John Trapp Complete Commentary
Esther 9:29
Then Esther the queen, the daughter of Abihail, and Mordecai the Jew, wrote with all authority, to confirm this second letter of Purim.
Ver. 29. Then Esther the queen, &c.] See Esther 2:15. Mordecai had written thus before; now, for more authority' sake, and to show her forwardness to further so good a work, Esther joineth with him, not for a name, or out of a humour of foolish forth-putting, but out of a holy zeal for God and a godly jealousy over her people, lest they should hereafter slight or slack this service. And, indeed, the Jews' chronicle (called by them Sedar olam Rabbah) telleth us, that this letter of Esther was not written till a year after Mordecai's first letter; when those days of Purim haply began to be neglected and intermitted, Anno sequenti contigit quod scriptum est, The next year it happened as it was written, Esther 9:29. She might, therefore, well say, as St Peter did afterwards, "This second epistle, beloved, I now write unto you; in both which I stir up your pure minds by way of remembrance," 2 Epist. iii. 1. True grace in the best heart is like unto a dull sea coal fire; which, if it be not sometimes righted up, will of itself go out, though there be fnel enough about it.
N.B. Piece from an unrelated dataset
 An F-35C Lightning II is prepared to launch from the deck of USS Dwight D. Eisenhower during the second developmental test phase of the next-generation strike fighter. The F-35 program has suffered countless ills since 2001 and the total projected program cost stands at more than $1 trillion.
This good queen was no less active in her generation than before had been Miriam, Deborah, Bathsheba, &c., and after her were Serena, the empress, Sophia, queen of Bohemia, a Hussite, Queen Catherine Parr, the doctress, as her husband merrily called her sometimes, and that matchless Queen Elizabeth, whose sunny days are not to be passed over slightly, saith one, without one touch upon that string, which so many years sounded so sweetly in our ears, without one sigh breathed forth in her sacred memory. Oh what a happy time of life had that famous light of our Church, Mr William Perkins, who was born in the first year of her reign, and died in her last year.
And Mordecai the Jew] These two joined together to add the more force to the ordinance.
Wrote with all authority Heb. With all strength, viz. of spirit and of speech, of affection and expression.
To confirm the second letter] Lest, for fear of the friends of such as they had slain, the Jews should be slack in observing this feast of lots.